Car, en France, le renseignement est entaché d’une réputation d’ « objet sale »
(pour reprendre l’expression de Dominique Monjardet autrefois appliquée à la
police). Les citoyens et leurs représentants ne retiennent de l’action des services
que l’écume des crises qui jalonnent l’histoire de ces administrations. La DGSE se
remet à peine de sa gestion du dossier du Rainbow Warrior quand la DCRI subit
les affres de l’affaire Merah. Suspicion et crainte se mêlent pour marginaliser les
services de renseignement, les priver d’une écoute attentive, de relais dans
l’opinion (parfois même au Parlement ou au sein de l’exécutif) et, in fine, de la
gratitude qu’ils méritent.
À l’inverse, les Britanniques ont démontré avec force que la profonde
continuité établie entre les services de renseignement, les élites politiques et la
population concourt au rayonnement de leur modèle politique, économique et
culturel. Outre-manche, le renseignement se nomme "intelligence", il ne rebute ni
les diplomates, ni les chefs d’entreprises, ni les citoyens, mais est au contraire
perçu comme un atout supplémentaire en vue de défendre les institutions, de
promouvoir la création d’entreprise ou le dépôt de brevets... Dans la même
optique, la CIA possède un bureau de représentation à Hollywood, qui offre
conseils, informations voire subventions pour certains films « d’espionnage »
alors que dans notre pays le genre est balbutiant et ce type de coopérations
rarissime (1).
Le retard accusé, pour autant, n’est en rien définitif. En Europe, des pays
moins avancés que la France en ce domaine ont réalisé des pas de géants. C’est
notamment le cas de l’Espagne qui a érigé la diffusion de la culture du
renseignement en priorité nationale, assortie de crédits, de partenariats avec les
universités et les entreprises. Notre pays doit donc abandonner ses préventions et
comprendre enfin les bénéfices qu’il peut tirer de l’établissement de passerelles
avec les services. L’Académie du renseignement pourrait jouer ce rôle
fondamental en se dotant d’un pôle de recherche qui résulterait de l’absorption du
Centre supérieur de la formation et de la recherche stratégique (CSFRS), dont
l’objet actuel réside dans le soutien, la coordination et l’animation des efforts
développés en matière de recherche et de formation stratégiques dans les domaines
de la sécurité et de la défense de façon à permettre l’élaboration et l’actualisation
d’instruments de référence de niveau international.
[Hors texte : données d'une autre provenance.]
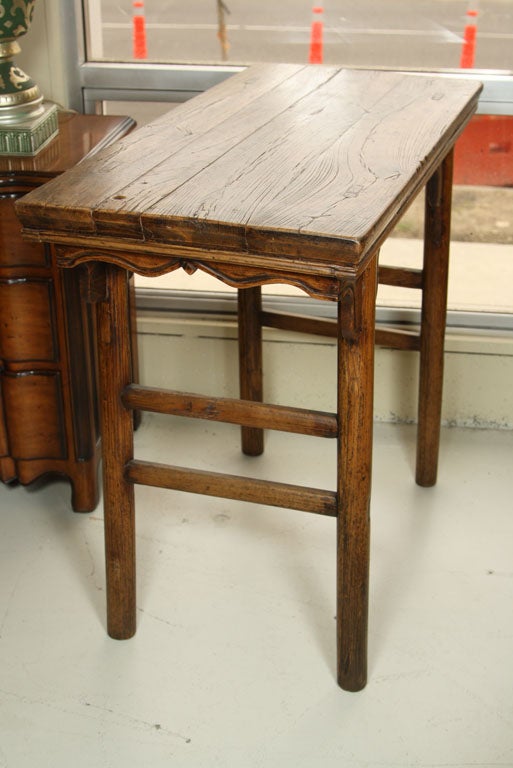 Early Chinese  Elm  Wood  Alter  Table 1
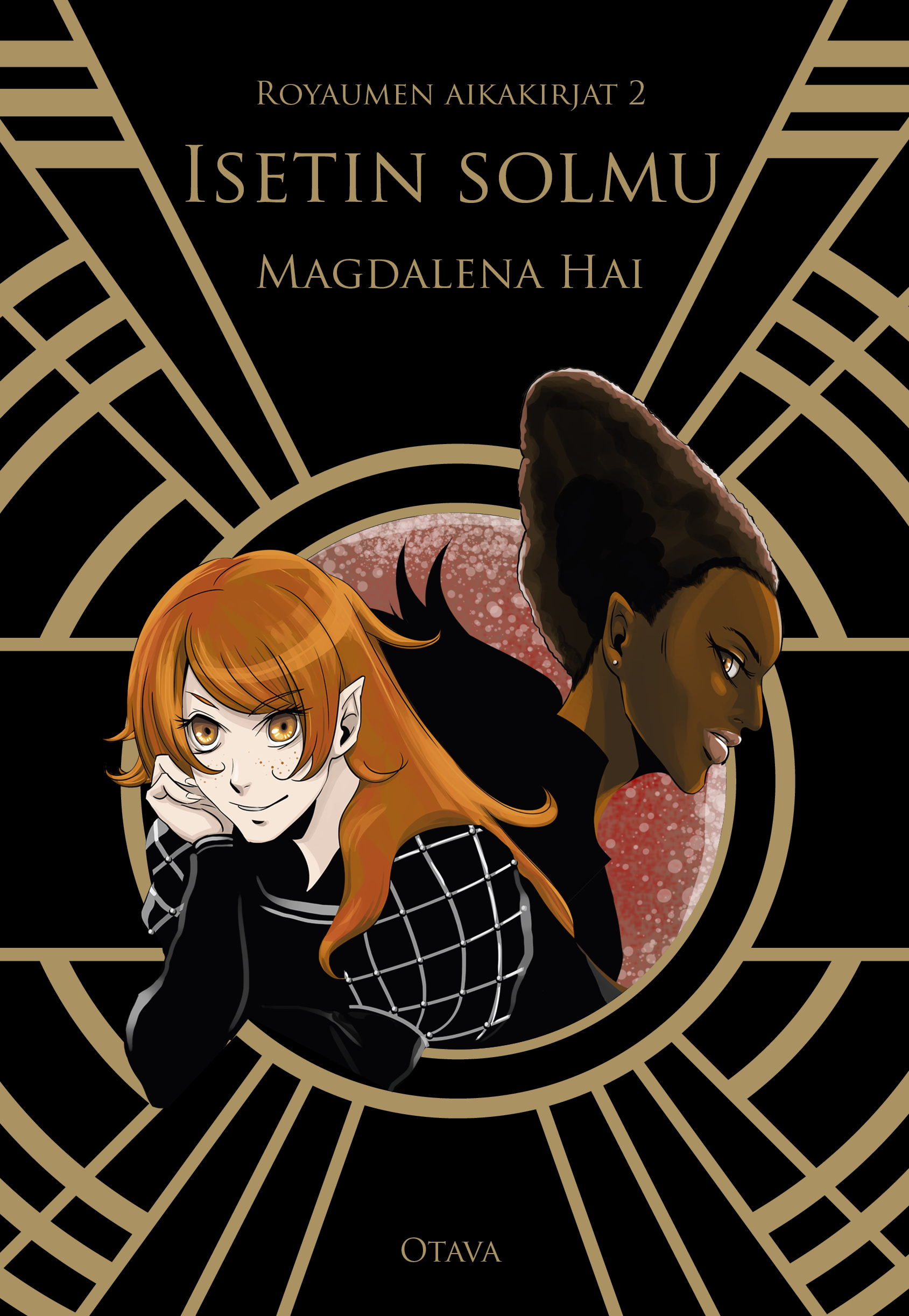 Isetin solmu book cover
L’instauration, sous l’égide de l’Académie, d’un centre français de
recherche stratégique participerait pleinement à la diffusion de la culture du
renseignement et à la réflexion prospective précédemment préconisée. Car le
défi majeur qu’il appartiendra inévitablement à notre pays de relever réside dans la
valorisation des liens entre le monde universitaire et le monde administratif
(secret, en l’occurrence). L’épanouissement de la culture nationale du
(1) Comme le constate Yannick Dehée, « La France, une grande puissance ? Le tardif réveil de l’espion français
au cinéma », Le Temps des médias, janvier 2011, n° 16, p. 86-99.